President Obama will promote his signature healthcare law to the public on Thursday, focusing on a provision the White House says has saved consumers billions of dollars.
The appearance will be Obama's third public address this year solely on the Affordable Care Act. It comes amid a long-scheduled summer push to improve public perceptions of the healthcare law, but also as the White House seeks to get back on offense following two weeks of bad publicity over its decision to delay part of the law.
Senior administration officials characterized Thursday's speech as a chance to cut through the "abstraction" of the political debate surrounding the healthcare law — the House passed two more symbolic anti-ObamaCare bills on Wednesday — and focus on communicating what the law actually does.
And the administration has chosen to focus on one of the most politically popular elements of the law — a provision that restricts insurance companies' profits and requires them to pay rebates if they spend too much money on profit and administrative expenses.
The provision, known as the medical loss ratio, requires insurers to spend 80 or 85 percent of the premiums they collect on medical care, leaving only the remaining 15 or 20 percent for overhead and profits.
The policy has been in place since 2011, and the administration has highlighted its effects repeatedly. But polls still show stubborn public misconceptions about what the healthcare law does and doesn't do, providing an opening to keep focusing on certain popular provisions.
Obama will be flanked Thursday by families who received rebates under the provision because their insurers failed to meet the new standards. According to the White House's count, 8.5 million families have gotten rebates, averaging $100 each, under the provision.
The administration says insurers have also lowered their premiums to comply with the new rules governing their spending, saving consumers roughly $3.4 billion on their premiums last year alone.
ObamaCare also got some much-needed good publicity on Wednesday when state regulators in New York announced that premiums for policies sold through the healthcare law's insurance exchange will be an average of 50 percent lower than currently available policies.

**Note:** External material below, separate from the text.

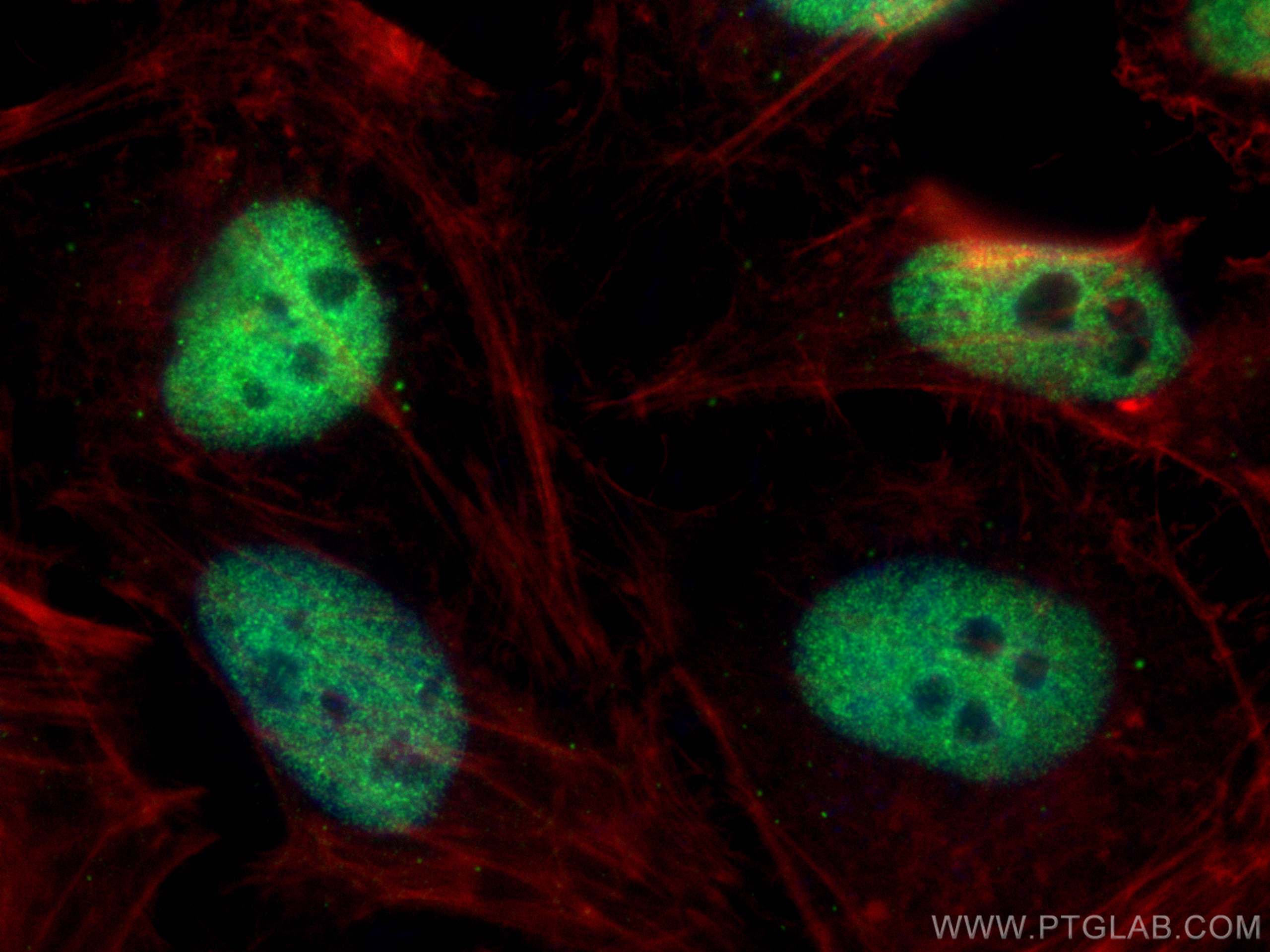 Immunofluorescence (IF) / fluorescent staining of HeLa cells using GTF3C2 Polyclonal antibody (27494-1-AP)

Obama is expected to highlight those results Thursday. His most recent healthcare address came on the heels of a similar announcement in California, where premiums for exchange plans came in well below expectations.
The White House is set to release a report ahead of Obama's remarks highlighting lower-than-expected premiums in 11 states that have filed their initial rate information.
The law's conservative critics dismissed California and New York's experiences as unusual, because both states already had highly regulated insurance markets.
But with 11 states all following the same trend, even those critics "would have to say that when you have all these states lining up, you can't call it an outlier anymore," a senior administration official said.
Costs for a middle-of-the-road insurance policy average roughly $321 per month across the 11 states that have released their rate filings for next year, administration officials said — compared with initial estimates of $392 per month.
The administration is comparing the cheapest policy in the middle tier of benefits to estimates for the second-cheapest policy — not quite apples-to-oranges, and also not a direct comparison.